The FCC said Friday its revised ownership reporting form (323) would be available on its Web site on or before Dec. 9, and that it would hold a workshop at 2 p.m. on that date to walk filers through the new form. The commission also said it would allow filers to use an "interim" ID number that does not require them to proviide their social security number.

The agency is collecting more information on the form partly as a way to better track minority ownership by requiring owners of smaller stakes in broadcast properties to report them.

The FCC two weeks ago delayed the date for turning in the form from Dec. 15 to Jan. 11, saying the online form was not quite ready. But it has also received a petition to delay the date from law firm Fletcher, Heald & Hildreth, which argued that the form was changed without sufficient notice, and that to include the requirement for owners of virtually any size stake in a broadcast property to provide those Social Security numbers raised privacy issues. The FCC said the delay was procedural and did not address that petition in its announcement of the extension.

In its public notice announcing the Dec. 9 date, the FCC also said that it is allowing filers to use a Special Use FRN (FCC Registration Number) instead of a Social Security number, but made clear it was a temporary fix and that it expected eventually to get an SSN from them.

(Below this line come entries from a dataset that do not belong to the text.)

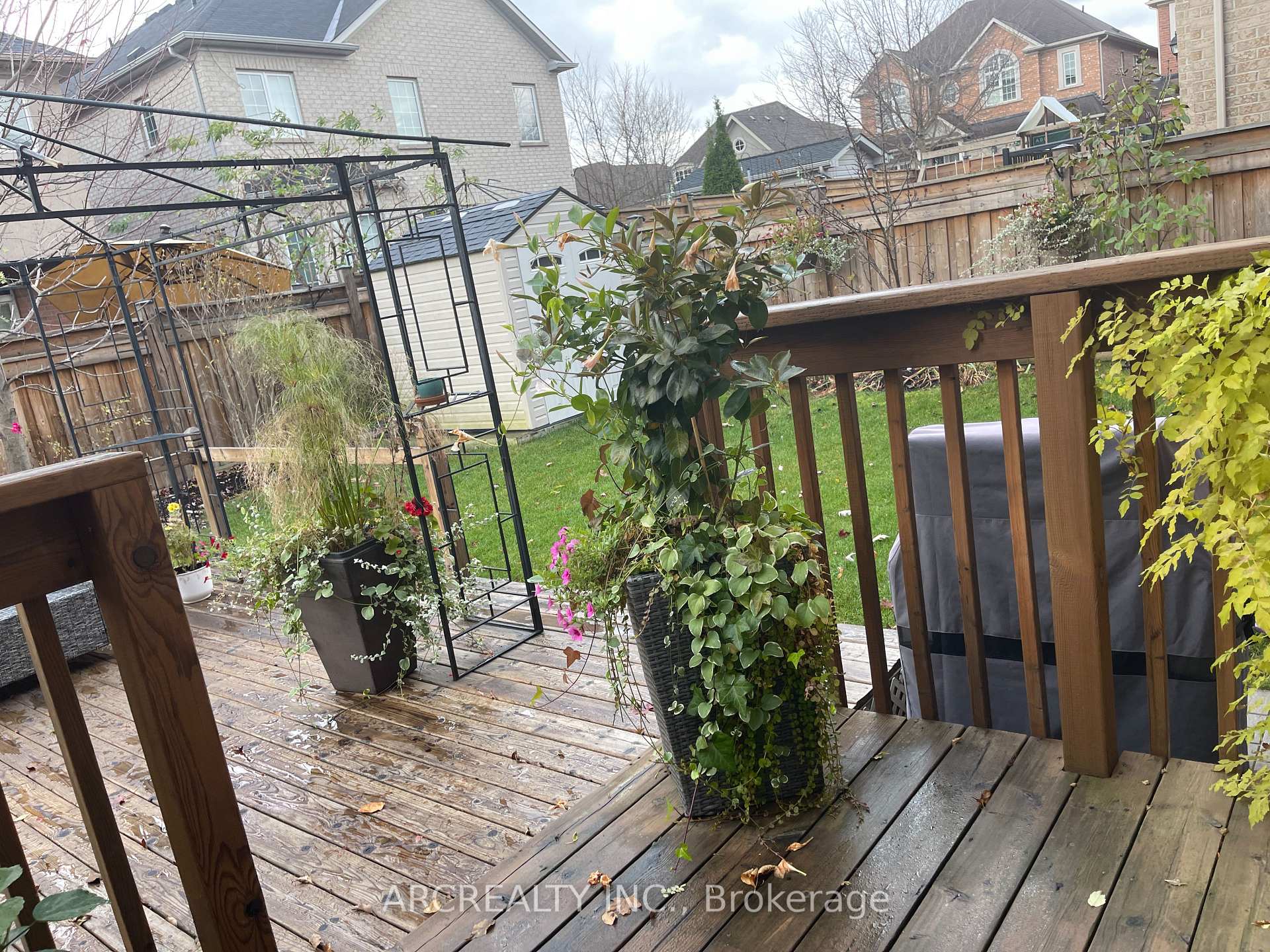 Photo 23 of 96 Isernia Crescent, Vaughan, Vellore Village — HOMEH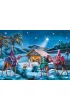 Puzzle 1000 Nativity-Three Kings Macneil 6000-6002 Eurographics
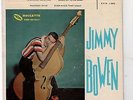 ROCKABILLY-ROULETTE EP 1-302-JIMMY BOWEN W/ COVER-I'M STICKIN' WITH YOU +3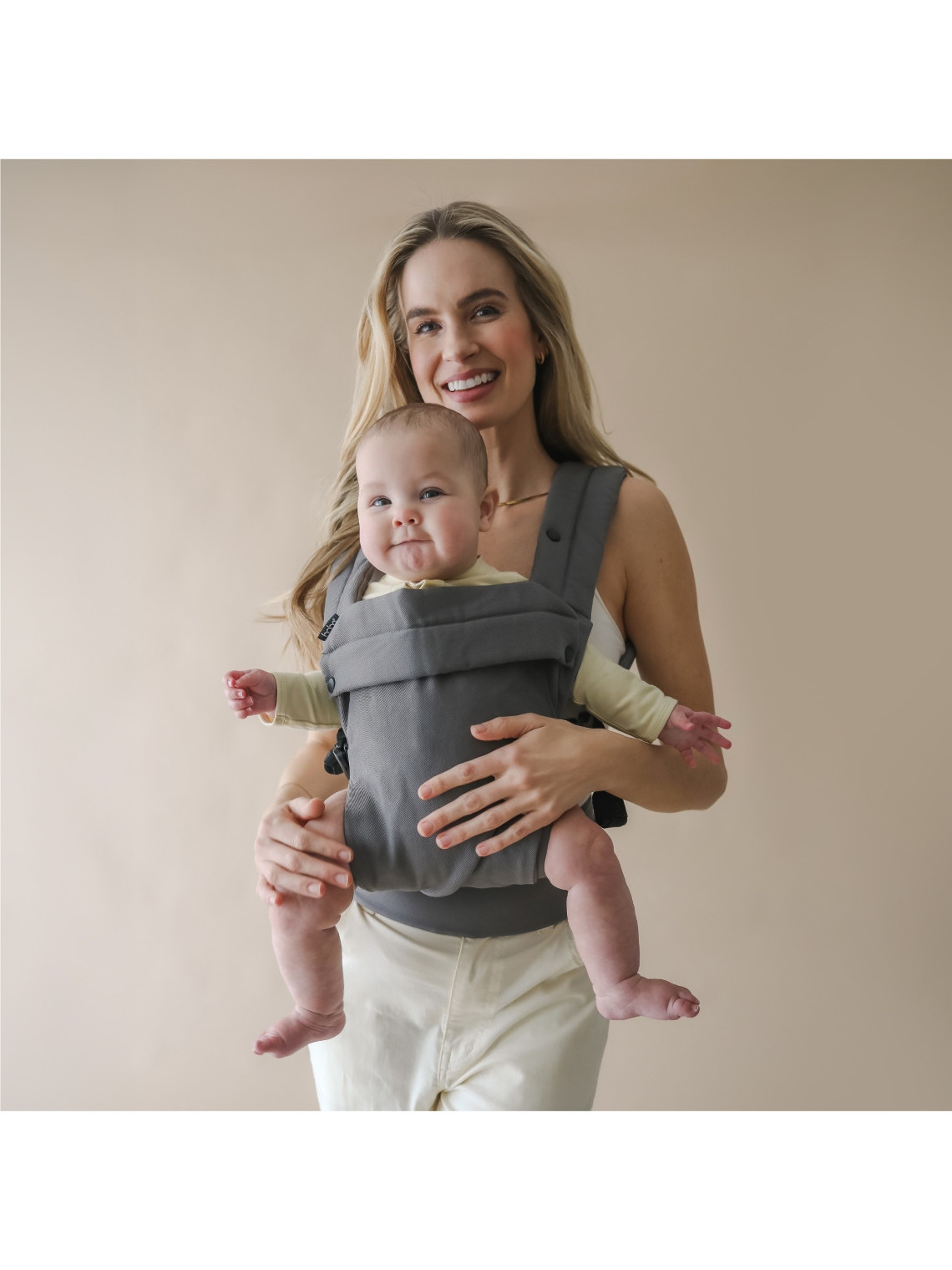 Boba Auri ergonominė nešioklė – nuo kūdikio iki 3 metų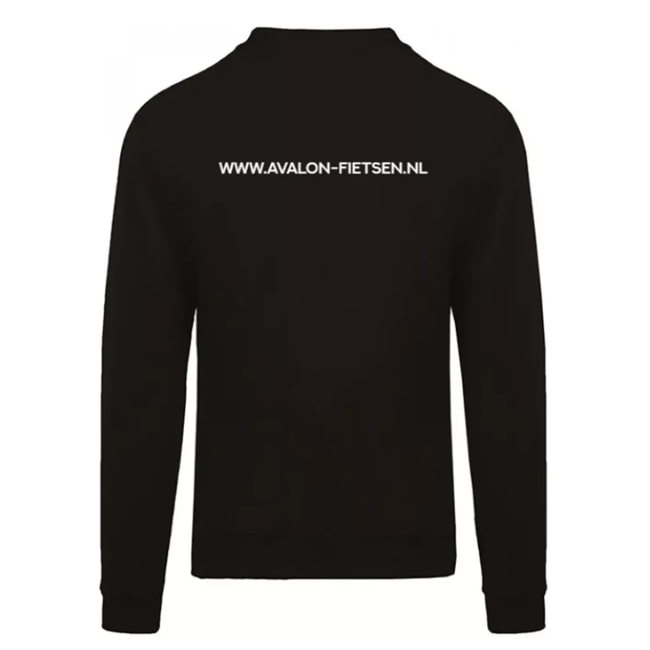 Avalon DB0203A Trui Maat L - zwart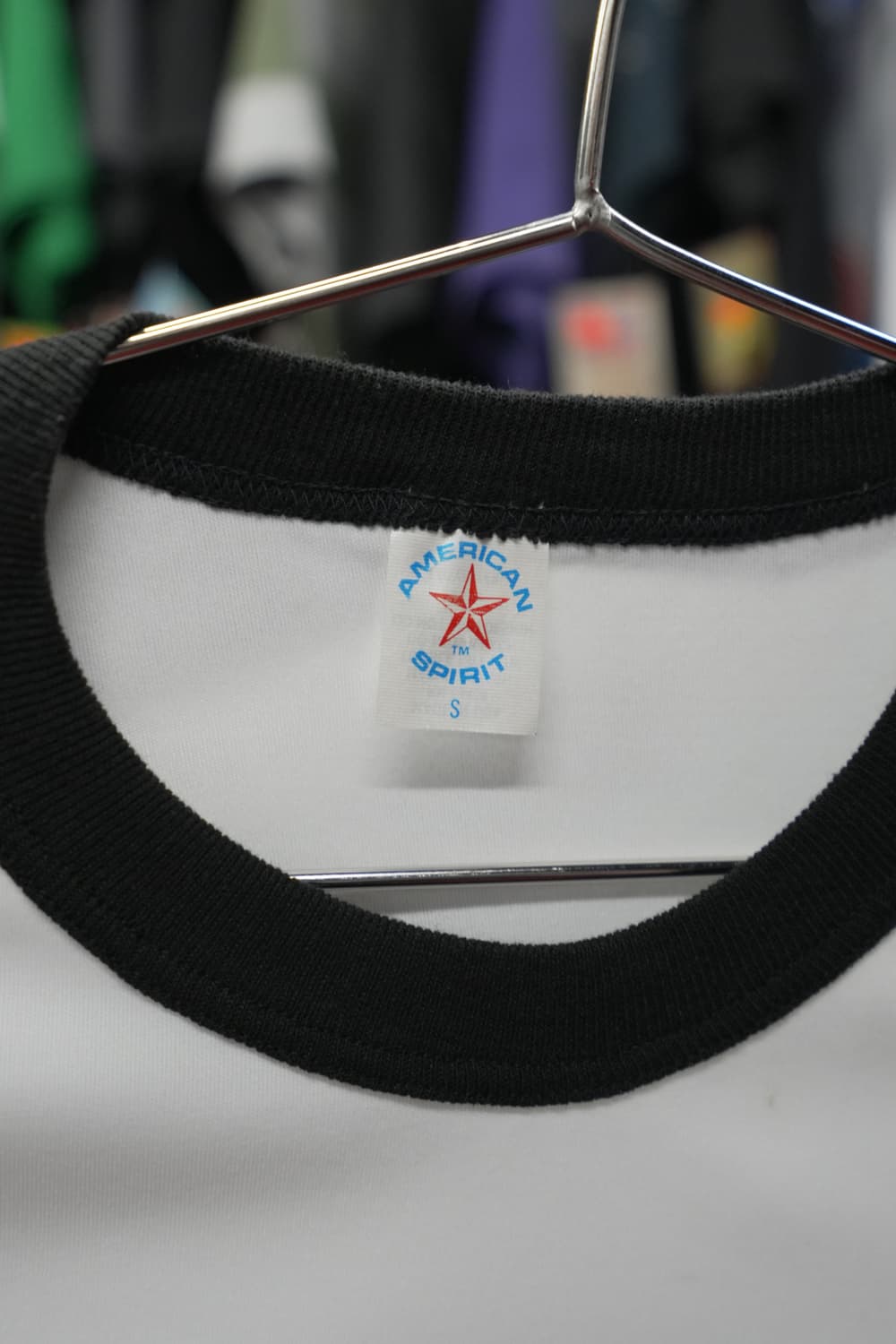 1987년 빈티지 오리온 픽쳐스 로보캅 영화 홍보 티셔츠 상품이미지3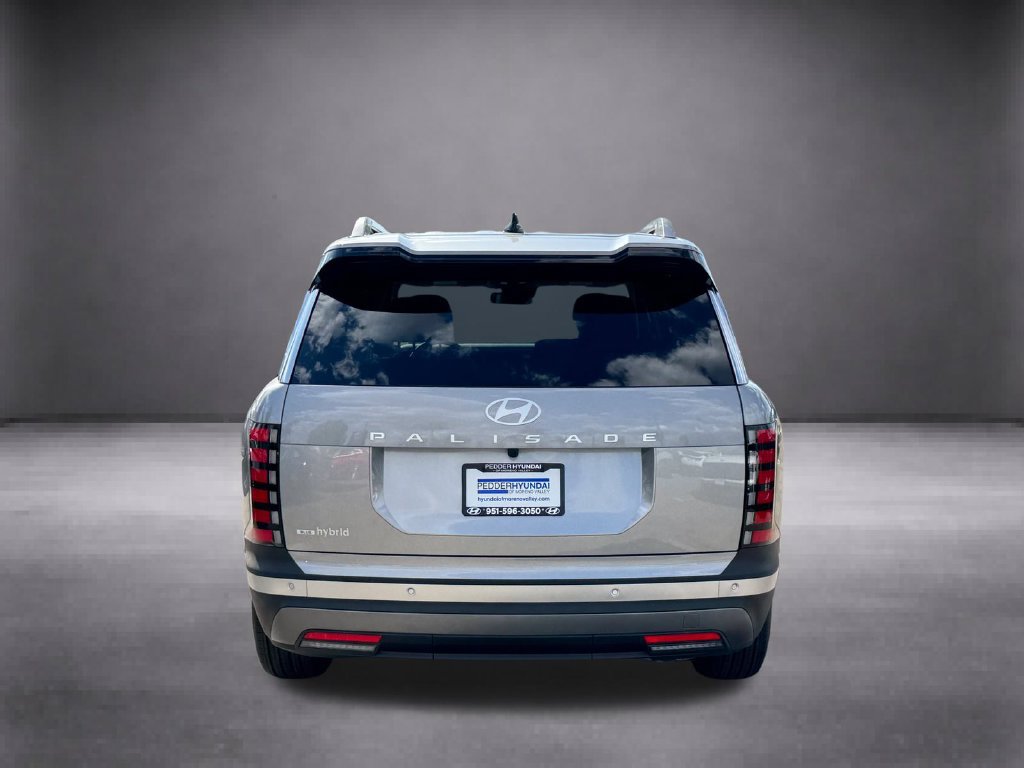 New 2027 Hyundai Palisade SEL FWD image 6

"As a rule, all filers must provide an FCC Registration Number (FRN) for all persons and entities reported on Form 323. If, however, after using diligent and good-faith efforts, you are unable to obtain an FRN for any specific individual required to be reported on Form 323, the electronic form contains a mechanism for generating an interim "Special Use FRN" solely for the purposes of completing the form. The "Special Use FRN" may be used only to file a biennial ownership report on FCC Form 323 and may not be used for any other purpose at the FCC."

It may be only a temporary fix, but it also gives the FCC some wiggle room depending on how it rules on the Fletcher Heald & Hildreth petition.